Own your code, Part 2: The curious case of the unreliable webhook

In the last post, I talked about how to setup your own Git server with Gitea. In this one, I'm going to take bit of a different tack - and talk about one of the really annoying problems I ran into when setting up my continuous integration server, Laminar CI.

Since I wanted to run the continuous integration server on a different machine to the Gitea server itself, I needed a way for the Gitea server to talk to the CI server. The natural choice here is, of course, a Webhook-based system.

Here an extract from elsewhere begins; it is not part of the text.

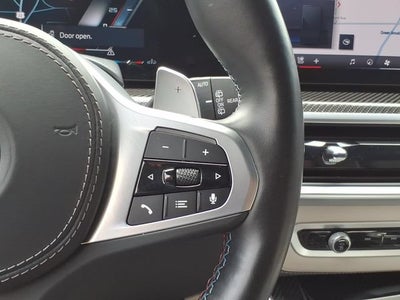 2024 BMW X7 M60i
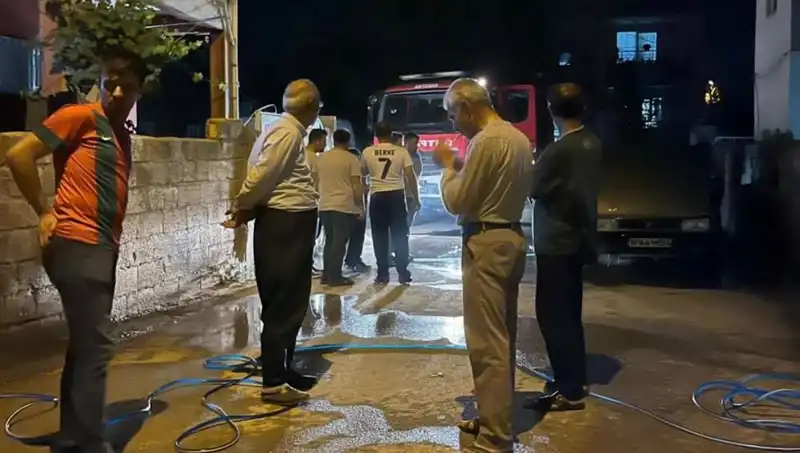 Park Halindeki Araç Yangınında Büyü Bozuldu: Güvenlik Önlemleri Yetersiz mi?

After installing and configuring Webhook on the CI server, I set to work writing a webhook receiver shell script (more on this in a future post!). Unfortunately, it turned out that that Gitea didn't like sending to my CI server very much:

A ton of failed attempts at sending a webhook to the CI server

Whether it succeeded or not was random. If I hit the "Test Delivery" button enough times, it would eventually go through. My first thought was to bring up the Gitea server logs to see if it would give any additional information. It claimed that there was an i/o timeout communicating with the CI server:

Delivery: Post https://ci.bobsrockets.com/hooks/laminar-config-check: read tcp 5.196.73.75:54504->x.y.z.w:443: i/o timeout

Interesting, but not particularly helpful. If that's the case, then I should be able to get the same error with curl on the Gitea server, right?

curl https://ci.bobsrockets.com/hooks/testhook

.....wrong. It worked flawlessly. Every time.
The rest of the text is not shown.